MUMBAI, India, Jan. 2 -- Intellectual Property India has published a patent application (202541122319 A) filed by Dr. N. G. P. Arts And Science College, Coimbatore, Tamil Nadu, on Dec. 5, 2025, for 'development of an optimal drying method for red amaranth leaves tea powder: a comparative study on antioxidant retention and phytochemical composition.'
Inventor(s) include Dr. Priya A; Ms. Kavisree; Dr. D. Sridevi; and Dr. Jancy Rani D.
The application for the patent was published on Jan. 2, under issue no. 01/2026.
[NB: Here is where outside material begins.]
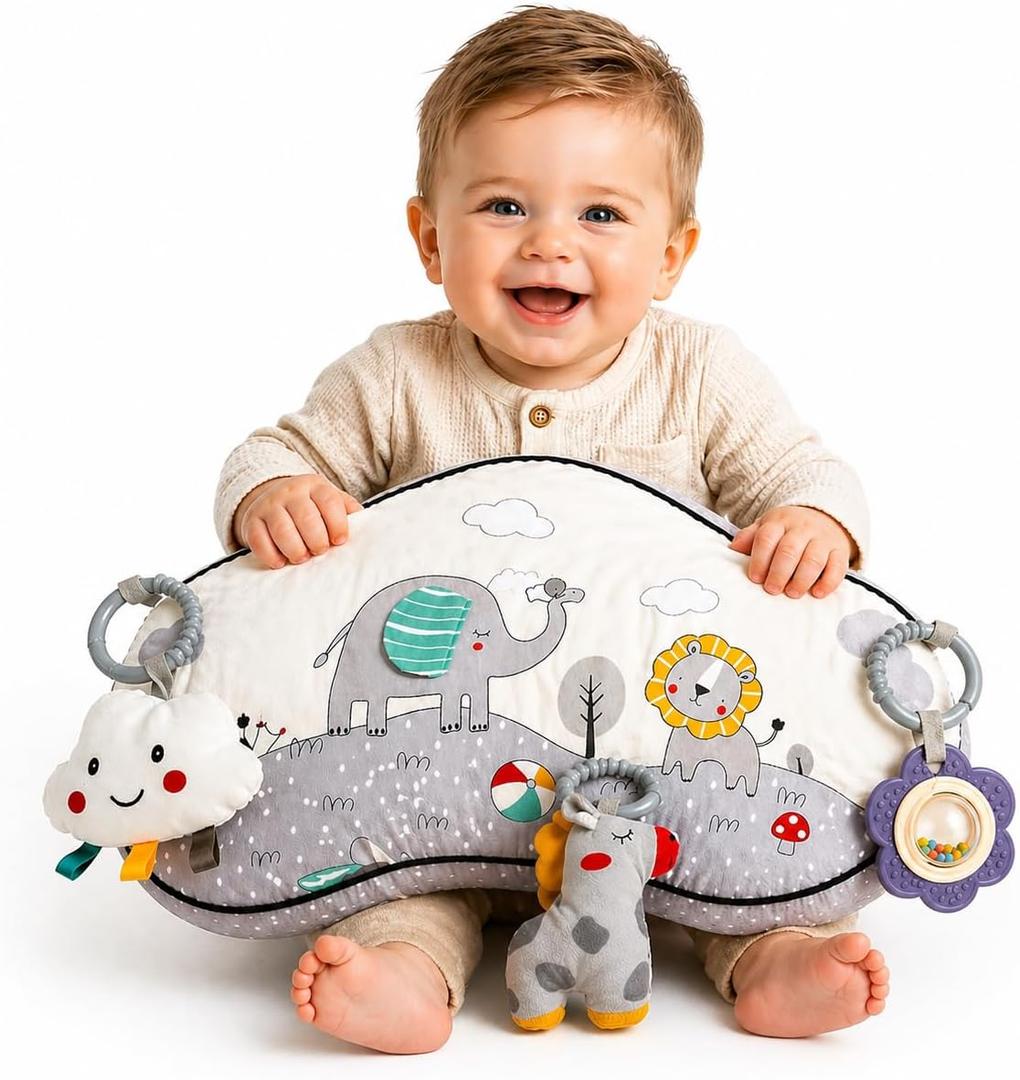 Tummy Time Activity Toy with 3 Detachable Sensory Toys | Baby Tummy Time Pillow for Infants 0-9 Months | Soft Breathable Tummy time Wedge Pillow with Rattle, Crinkle & Teether Toys (Safari Animals)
According to the abstract released by the Intellectual Property India: "Red amaranth (Amaranthus cruentus) is a nutrient-dense leafy vegetable rich in flavonoids, phenolics, betalains, and antioxidants. However, its high moisture content reduces shelf life, necessitating effective drying methods. This study aimed to develop a stable, antioxidant-rich herbal tea powder by comparing sun, oven, and cabinet drying methods. The dried leaves were powdered and analyzed for antioxidant activity, nutritional composition, and sensory qualities using a 9-point hedonic scale. Tea was prepared from both fresh and dried extracts with jaggery. Among the methods, cabinet drying at 60 C for 7 hours retained the highest levels of antioxidants and received the best sensory ratings. Six formulations were developed, and ACFG1 (1 g extract: 100 ml water: 2.5 g jaggery) achieved the highest acceptability. The findings suggest that cabinet drying is an efficient method for preserving red amaranth's bioactive properties, promoting its use in functional foods and shelf-stable, health- enhancing herbal beverages."